Algorithms for the Automatic Tagging of Medieval Manuscripts


Project Management: Technische Universität Darmstadt – Institut für Sprach- und Literaturwissenschaft (linglit)

Project Participants: Karlsruher Institut für Technologie (KIT) · Wissenschaftliche Bibliothek der Stadt Trier

Sponsors: BMBF – Bundesministerium für Bildung und Forschung

Running time: -

Contact person (TCDH): Dr Thomas Burch

Research Area: Software Systems and Research Infrastructure

Keywords: Quantitative Analysis, Manuscripts


Website of the Project: eCodicology

The aim of the BMBF-funded joint project “eCodicology” was the development, testing and optimization of new algorithms that automatically recognize macro and microstructural elements of manuscript pages and embed them in the metadata of the images. Examples of such structural elements were data such as page size, text space, marginalia, paratexts, information on the type and position of graphic elements, the relationship between image and text. This information was statistically and qualitatively evaluated and enables the analysis of questions about the writer's corpora, writing schools, references to manuscripts, provenances, connections between displaced manuscripts and the like.

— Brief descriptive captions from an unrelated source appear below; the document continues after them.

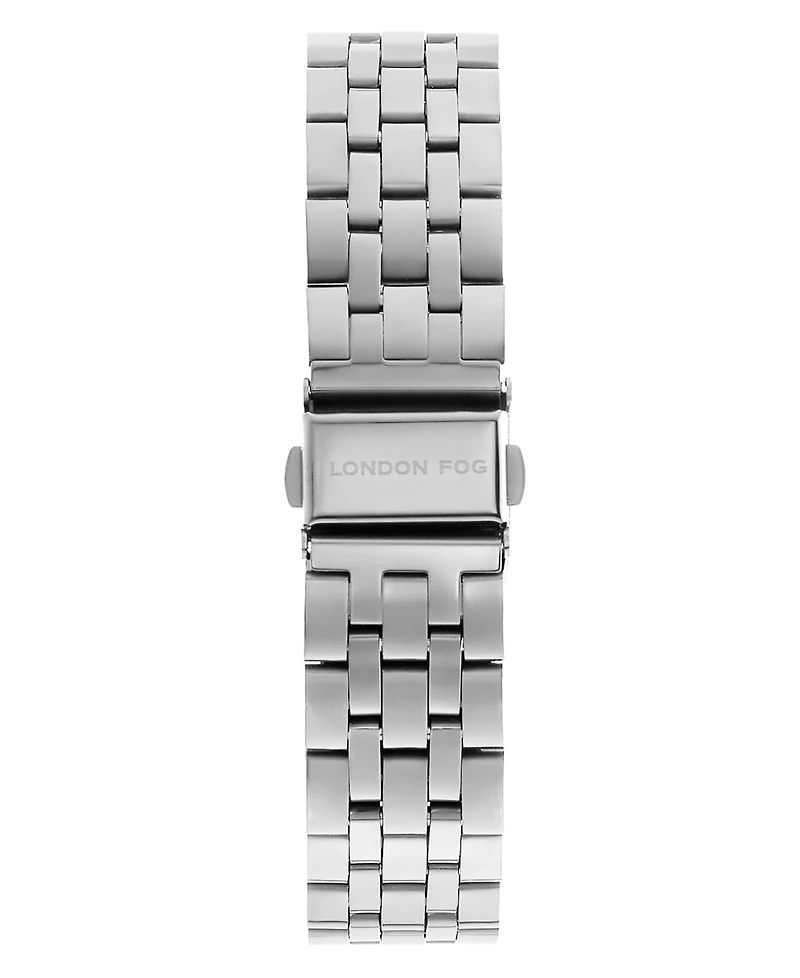 London Fog Unisex Keltic Cushion Case Silver Link Alloy Watch, 38mm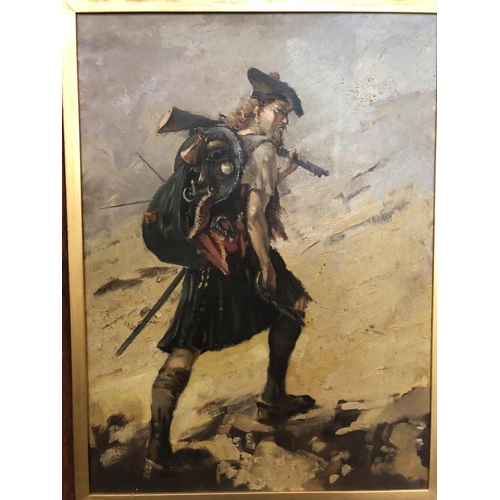 115 - Ray Furness - Highlander, oil on canvas, unsigned, 48 x 34 cm, oak framed with gilt slip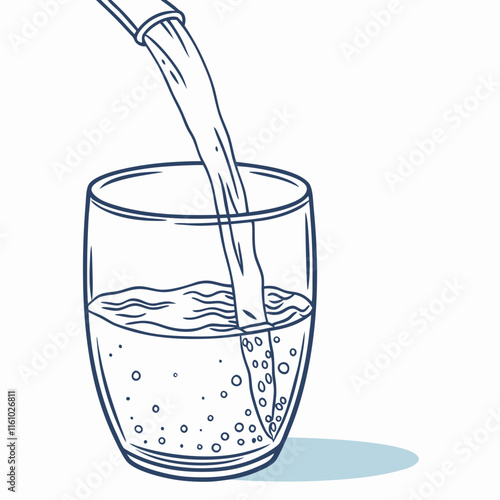 pouring water into glass
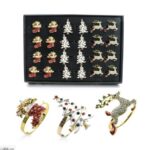 PORTATOVAGLIOLI NATALIZIO CON PERLINE IN METALLO 5X5XH.5 CM DESIGN ASS. ART.55484 -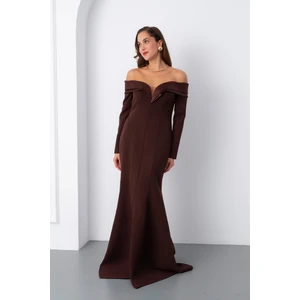 Kadın Kahverengi Kayık Yaka Uzun Balık Abiye Elbise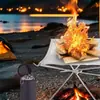 Suporte para Fogueira ao Ar Livre, Suporte de Fogo em Aço Inoxidável, Suporte Dobrável Conveniente para Lenha, Grelha de Churrasco para Camping, Aquecimento a Carvão
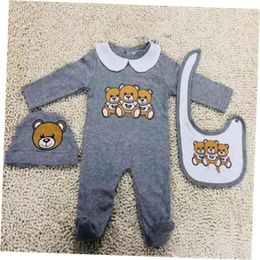 New Baby Boy Girl Rompers Jumpsuit Long Sleeved Plaid Infant Jumpsuit+Hat bibs 3Pcs Outfit Kids Newborn Baby Clothes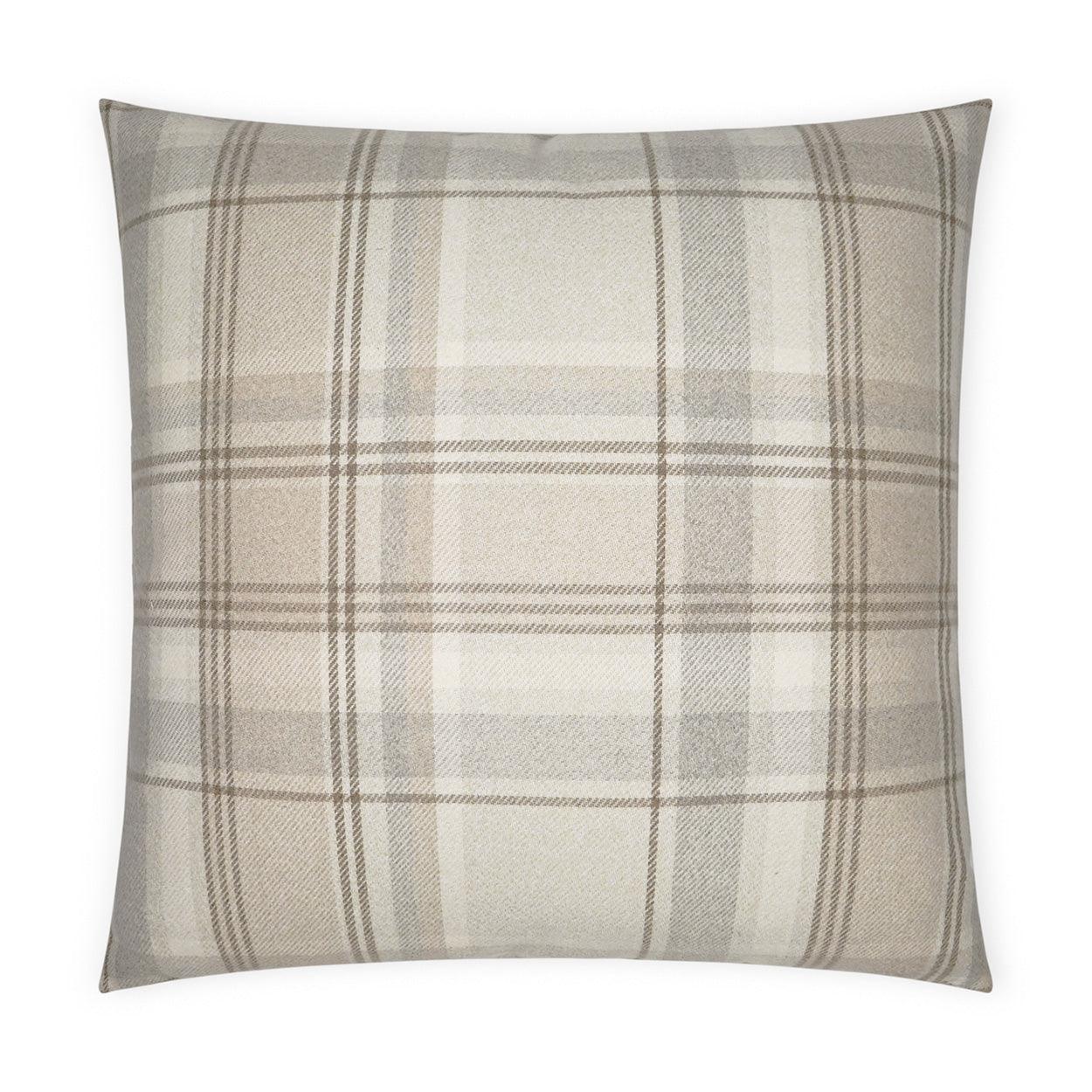 Tartan Buff Plaid Check Tan Taupe Brown Ivory Large Throw Pillow With Insert - Uptown Sebastian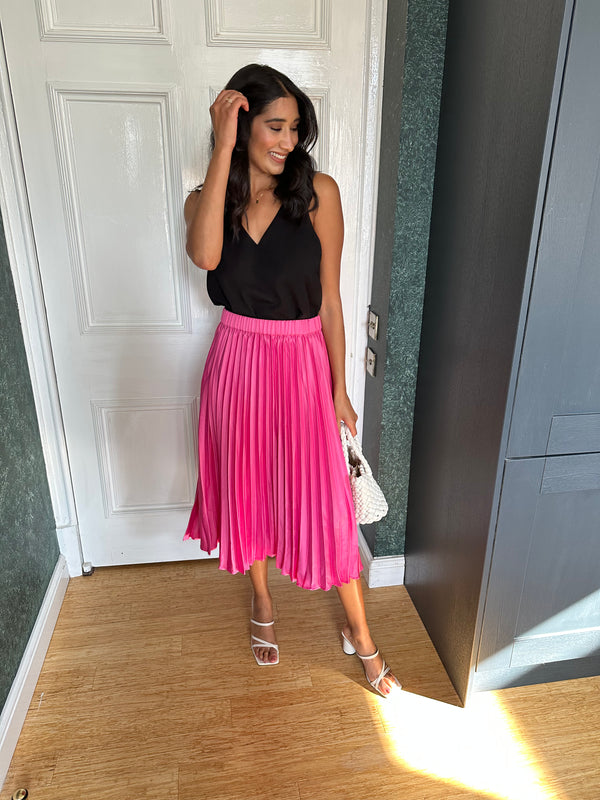 Jane Pleated Skirt Hot Pink This is Unfolded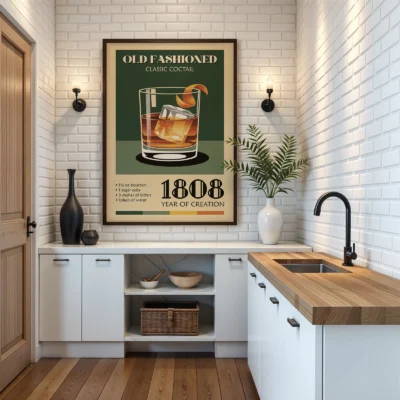 Old Fashioned vintage cocktail poster displayed in kitchen interior, classic bar design.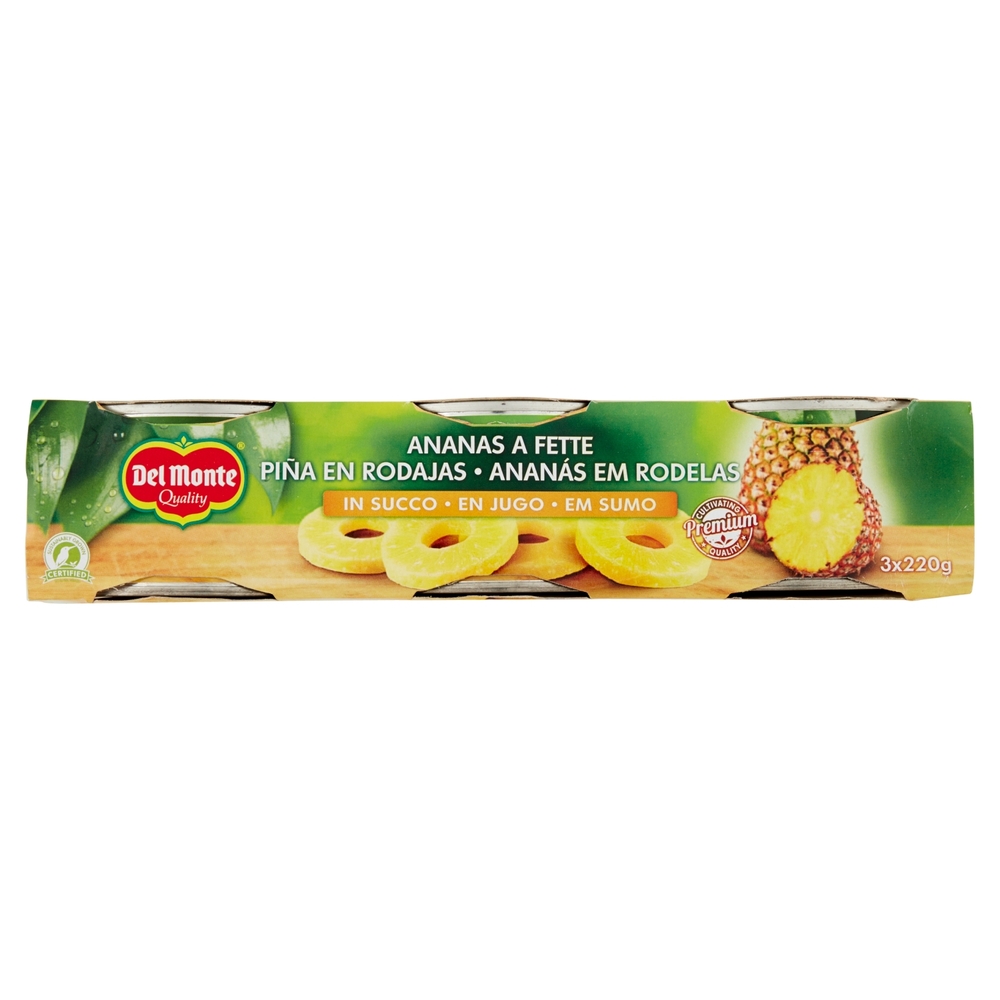 Del Monte Ananas a Fette in Succo 3 x 220 g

The three-year research project used the metadata and scans of around 500 medieval codes developed in the St. Matthias' Virtual Scriptorium project and already described in accordance with TEI standards. Based on this, a metadata scheme was designed that automatically records the external descriptive features of a code as far as possible and at the same time documents precisely for each page of a manuscript. The newly acquired metadata was simultaneously stored as XML tags in the associated metadata and can therefore be used flexibly. Due to the integration of both IT and philological approaches, the project should make a significant contribution to the methodological development of eHumanities.